The Warehouse merger

So the commerce commision has released documentation on their refusal to let Foodstuffs or Progressive buy the Warehouse. They believe that the merger would not influence the general merchandise or wholesale foods market, but would negatively influence supermarket competition.

Do you think that a merger would negatively impact supermarket competition, and if so how?

It is important to note that one of the significant factors behind the increase in the value of retail sales in the past few months has been rising supermarket prices. But is this the result of a lack of competition, or a result of the success of the Warehouse grocery chain (given that the Warehouse sells their grocery products at a higher price).

Public sector Health spending

This article discusses public sector health spending in quite a damning way. Does anyone have any ideas how government spending on health could be more effective? Or does anyone think health spending is effective?
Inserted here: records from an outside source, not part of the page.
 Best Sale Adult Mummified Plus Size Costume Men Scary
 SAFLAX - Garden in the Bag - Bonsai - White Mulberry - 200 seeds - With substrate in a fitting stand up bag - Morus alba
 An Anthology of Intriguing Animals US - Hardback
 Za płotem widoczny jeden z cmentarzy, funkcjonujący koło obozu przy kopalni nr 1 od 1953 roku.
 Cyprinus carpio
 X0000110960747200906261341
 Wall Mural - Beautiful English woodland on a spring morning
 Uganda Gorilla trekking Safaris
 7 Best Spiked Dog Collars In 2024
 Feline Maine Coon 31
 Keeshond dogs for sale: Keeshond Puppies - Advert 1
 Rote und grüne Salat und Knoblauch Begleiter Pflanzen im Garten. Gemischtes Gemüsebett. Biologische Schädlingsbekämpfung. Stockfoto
I might post on this later if anyone convinces me of their opinion 😉

Objective of the blog

The main aim of this blog is to discuss areas where government involvement makes sense. While we agree that the free and unfettered market often provides the most effective way of allocating resources, we also believe that thinking the free market can solve every economic problem is naive and even dangerous.

With our writing we wish to impress upon you the important role that the government can play in the economy. The most obvious role of government is to circumvent market failures, which are usually derived from externalities or excessive market power. Beyond this, the government has a structural role. Government regulation and investment can be used to change the structure of the game that firms compete in, to the detriment or the benefit of society.
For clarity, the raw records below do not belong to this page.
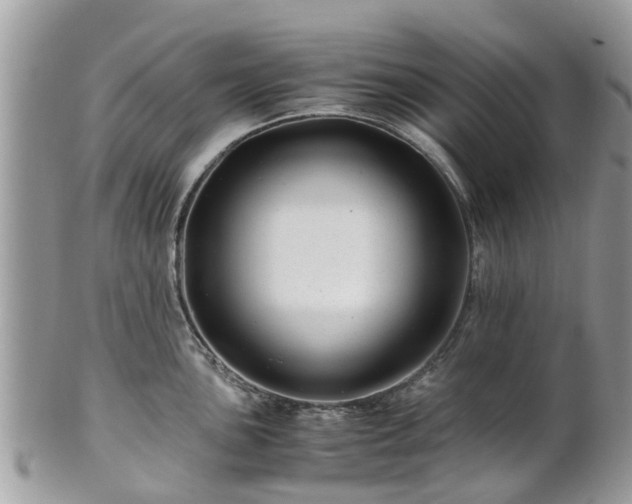X0000101171051200807071217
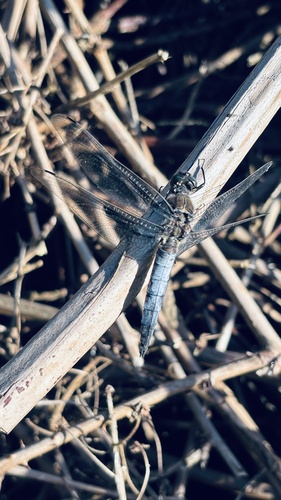 Black-tailed Skimmer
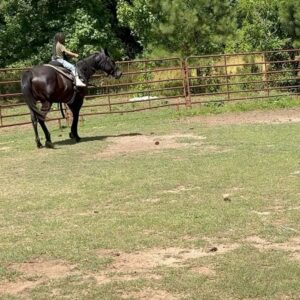 Racquel Palmer Instagram - Saturdays we ride 🐎 @dianayvettepalmer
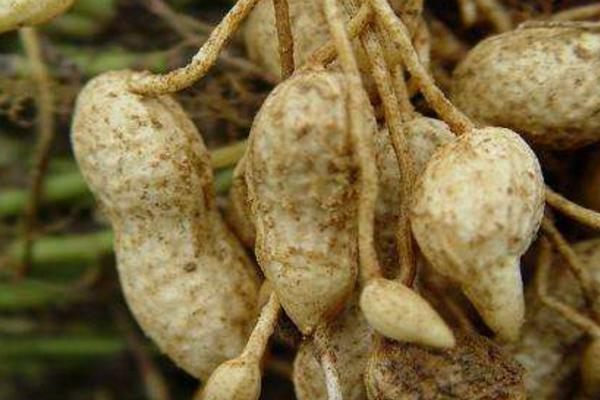 生花生和熟花生的區(qū)別是什么 生花生好還是熟花生好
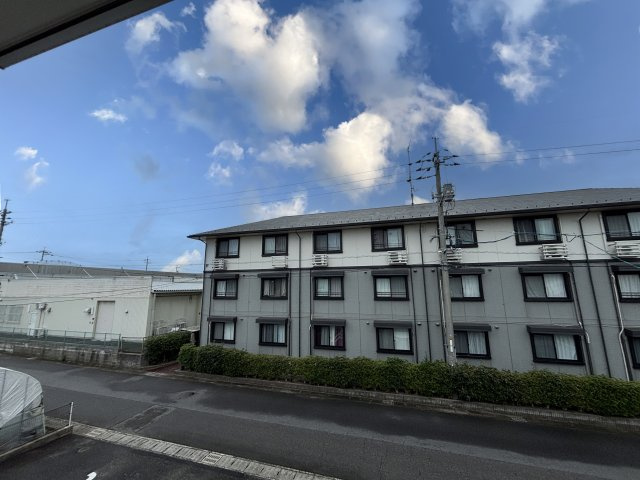 ファインＤの内装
We also believe that government failure exists. Governments may have less information then other market players, and so might make the wrong choice. Furthermore, governments may come under the control of interest groups or ideology, and may no longer follow the objective of maximizing the true social welfare function. While we may mention this type of failure, it will not be our primary focus.

It is also important to note that we do not necessarily support the current scope and role of government. We are merely stating how certain government choices could improve social outcomes. The set of policies we would support is likely to be very different then those established under any nations government.

The week in numbers

  • The NZ$ pushed through US$0.79, but couldn’t quite reach the US$0.80 mark
  • CPI inflation came in at 1.0% for the June quarter, taking annual inflation to 2.0%.
  • 11% annual growth in short-term departures from New Zealand in June. This took departures to a record 208,309
  • 4% annual growth in short-term arrivals to New Zealand indicate a lack of price responsiveness from tourists. However, they are spending a lot less once they get here.
  • There was a net migrant inflow of 590 (seasonally adjusted) in June. The year-ended net migrant inflow continued to fall, and is now at 10,078
  • Electronic Card payments were up 7.2% on a year earlier in June. This implies that retail sales will maintain the gains experienced in recent months.
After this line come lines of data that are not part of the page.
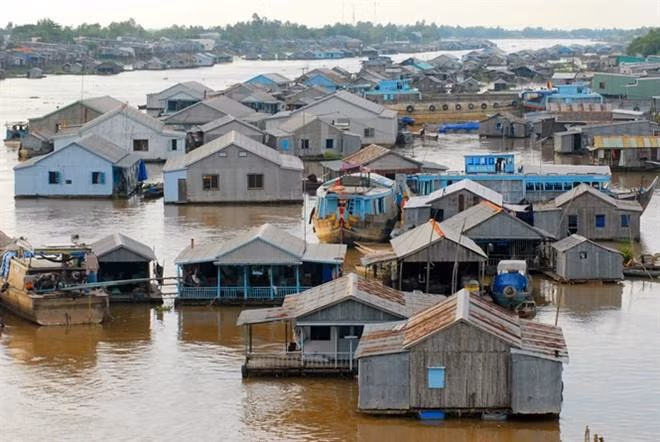 Proyecto de casas antinundaciones en Vietnam surte efecto en el centro ảnh 1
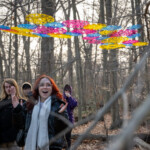 People observe chromatic canopies together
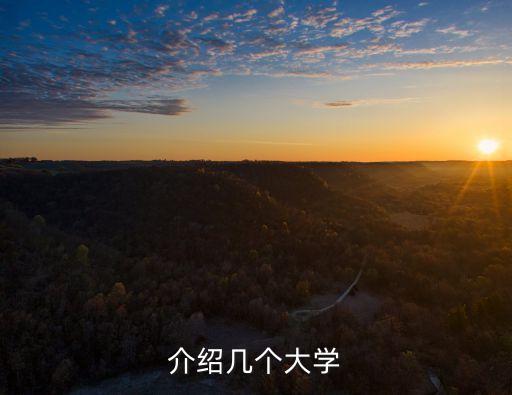 介紹幾個大學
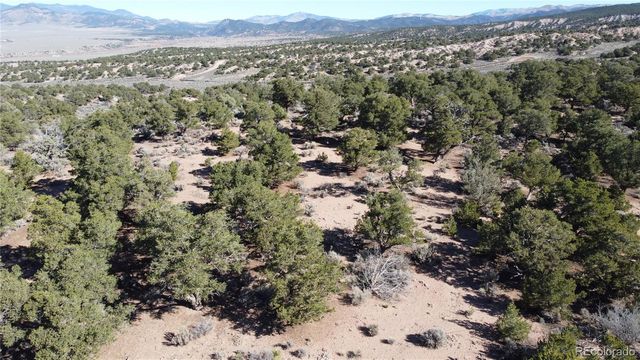Lot 3620 Scheffellin Road, Fort Garland, CO 81133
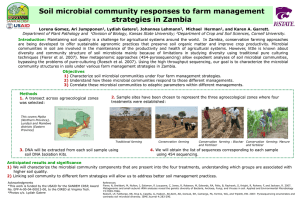 Soil microbial community responses to farm management strategies in Zambia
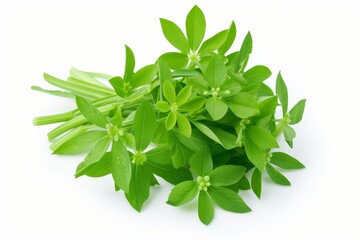 Obraz premium White background isolates fresh woodruff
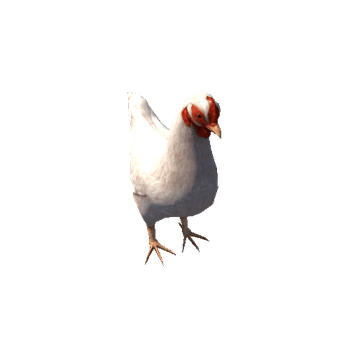 Chicken_White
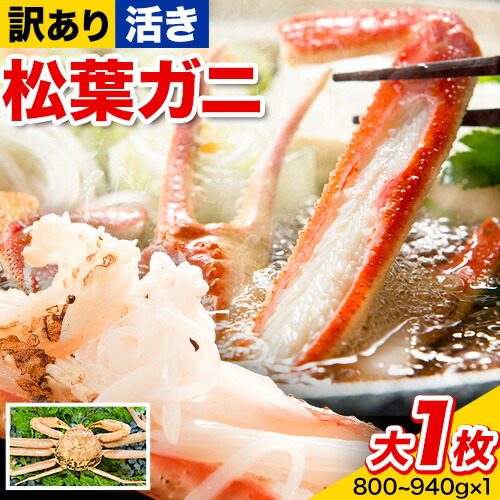 【活き】訳あり 松葉ガニ 大 1枚(1枚/800～940g前後) 高間商店《11月中旬-3月下旬頃出荷》鳥取県 八頭町 送料無料 カニ 蟹 かに 訳あり 鍋 珍味 冬 グルメ ズワイガニ 2198468 - 鳥取県八頭町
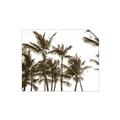 Picture of Cali Palms Sepia Collection _GroupedProduct_Rectangle_Landscape_Photography _GroupedProduct_Rectangle_Landscape_Unframed_Print_Only_
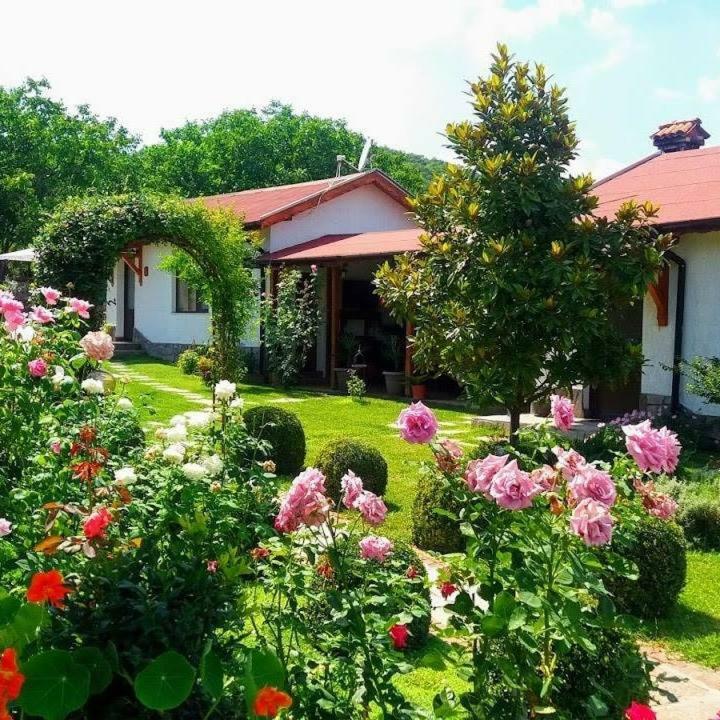 Guest House Raiski Kаt Mezek Bagian luar foto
The recent strength in CPI, QVNZ house price and retail sales figures will make the RBNZ feel that it has to lift rates again. It is important to note that REINZ house sales and price figures looked relatively weak.

While the market is currently pricing in a 60% chance of a rate rise in July, I think they should hold. The QES and HLFS are due out between now and September, and will give us a strong indication of whether the labour market is beginning to ease. Furthermore, two more months of house sales data could be invaluable, with the housing market at a possible tipping point.